**REQUIRED ACTION:** From the material below, list every line containing "Ford".

**DATA TO EXAMINE:**
----
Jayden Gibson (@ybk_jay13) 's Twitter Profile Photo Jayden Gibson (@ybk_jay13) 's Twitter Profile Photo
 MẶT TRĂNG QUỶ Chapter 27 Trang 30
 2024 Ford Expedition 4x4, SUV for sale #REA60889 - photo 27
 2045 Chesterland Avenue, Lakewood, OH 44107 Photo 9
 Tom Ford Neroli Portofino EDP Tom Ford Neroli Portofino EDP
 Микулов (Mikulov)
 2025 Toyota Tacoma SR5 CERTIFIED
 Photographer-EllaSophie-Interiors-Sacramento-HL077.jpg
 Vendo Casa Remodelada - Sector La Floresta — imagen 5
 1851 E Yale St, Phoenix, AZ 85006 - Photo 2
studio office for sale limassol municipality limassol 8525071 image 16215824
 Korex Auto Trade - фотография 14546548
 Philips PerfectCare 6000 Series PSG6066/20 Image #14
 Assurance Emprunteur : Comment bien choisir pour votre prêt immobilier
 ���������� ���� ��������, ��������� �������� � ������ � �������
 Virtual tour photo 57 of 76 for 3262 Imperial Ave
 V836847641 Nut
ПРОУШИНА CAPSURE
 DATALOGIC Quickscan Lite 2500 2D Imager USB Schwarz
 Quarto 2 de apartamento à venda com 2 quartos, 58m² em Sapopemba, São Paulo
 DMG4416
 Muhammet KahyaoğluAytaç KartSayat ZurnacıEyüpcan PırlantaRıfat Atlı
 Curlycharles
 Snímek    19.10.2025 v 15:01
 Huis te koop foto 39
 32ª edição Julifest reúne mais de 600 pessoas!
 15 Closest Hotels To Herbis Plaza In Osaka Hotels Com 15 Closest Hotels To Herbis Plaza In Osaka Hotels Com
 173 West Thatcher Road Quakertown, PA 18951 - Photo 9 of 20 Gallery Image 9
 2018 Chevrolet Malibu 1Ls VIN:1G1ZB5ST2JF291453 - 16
----
**EXERCISE ANSWER:**
 2024 Ford Expedition 4x4, SUV for sale #REA60889 - photo 27
 Tom Ford Neroli Portofino EDP Tom Ford Neroli Portofino EDP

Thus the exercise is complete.